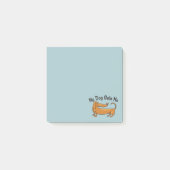 Dachshund geeft me Post-it® notes (Voorkant)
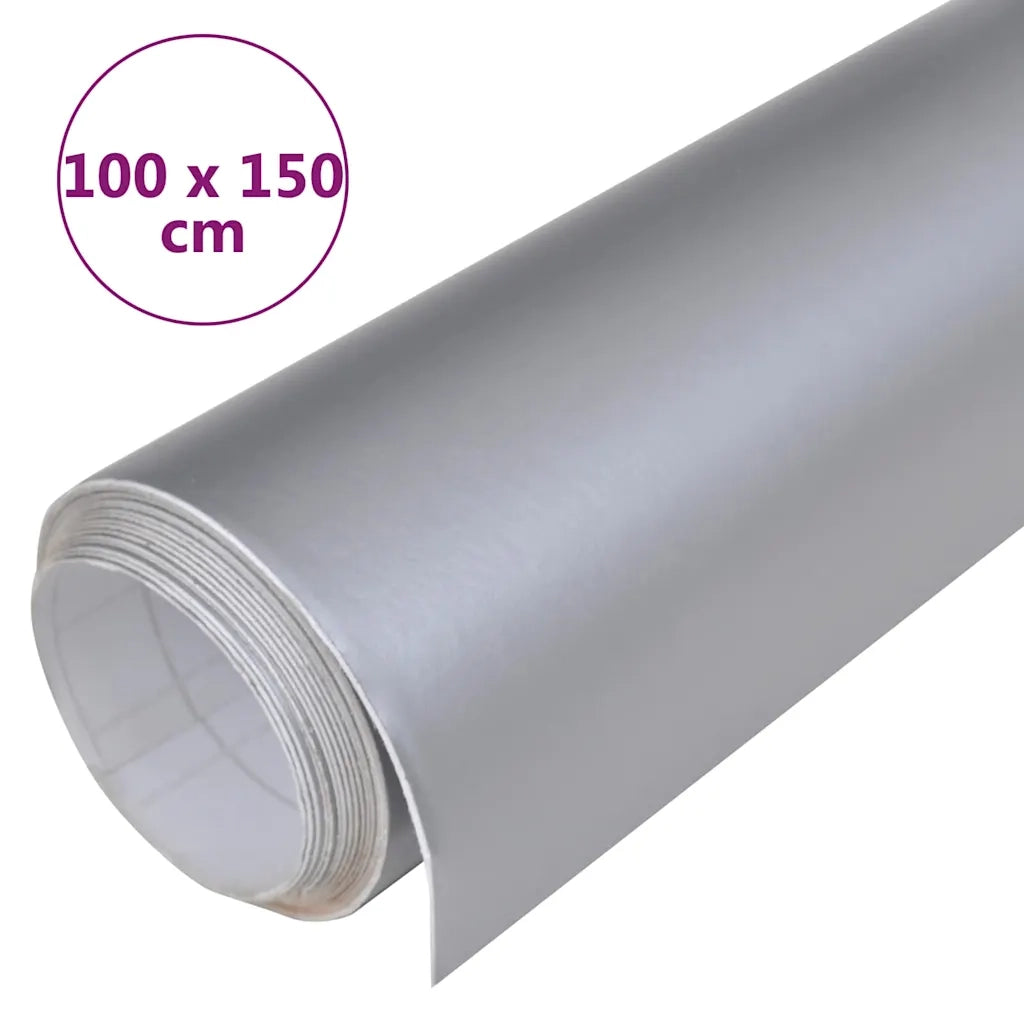 Pellicola per Auto Opaca Argento 100x150 cm CFW9298679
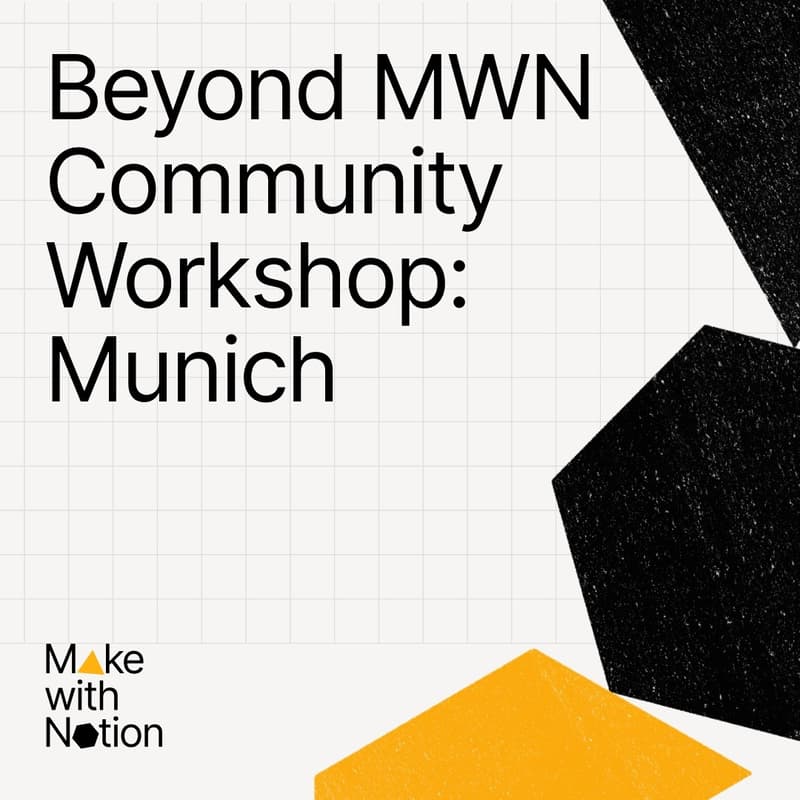 Cover Image for Beyond MWN Community Workshop: Munich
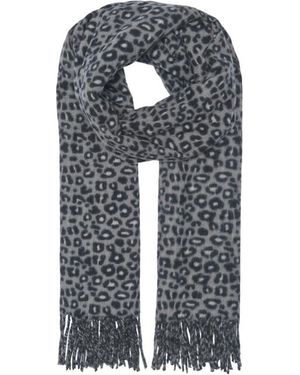 ONLY Onljosephine Animal Print Scarf Cc Acc Dark M - Grijs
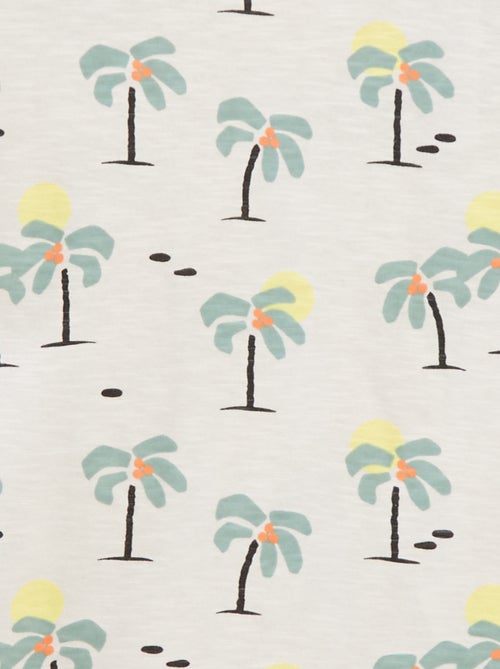 T-shirt met korte mouw en print - Kiabi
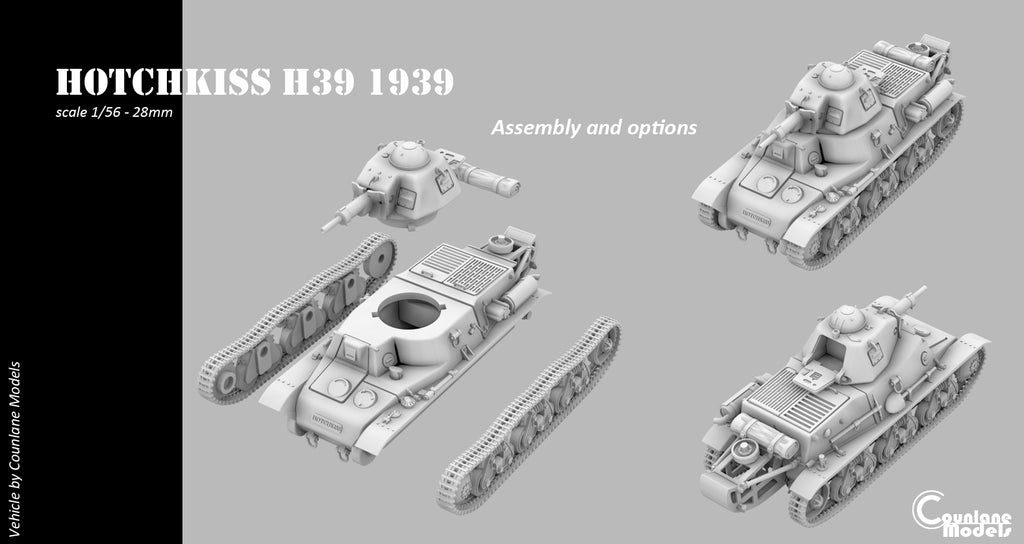 Counlane Hotchkiss H39 1939 (France, WW2)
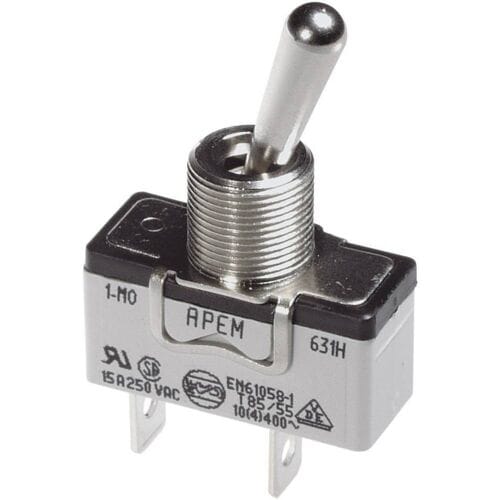 APEM 656H/2 656H/2 Tuimelschakelaar 250 V/AC 15 A 3x aan/aan Continu 1 stuk(s)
==================================================
- **EXERCISE BRIEF**:
Stop at the line containing "Counlane Hotchkiss H39 1939 (France, WW2)" and include it. Everything from the first line of the material up to there is to be repeated exactly, leaving out pictures.

- **RESPONSE FOR THIS EXERCISE**:
 Dachshund geeft me Post-it® notes (Voorkant)
 Pellicola per Auto Opaca Argento 100x150 cm CFW9298679
 Cover Image for Beyond MWN Community Workshop: Munich
 ONLY Onljosephine Animal Print Scarf Cc Acc Dark M - Grijs
 T-shirt met korte mouw en print - Kiabi
 Counlane Hotchkiss H39 1939 (France, WW2)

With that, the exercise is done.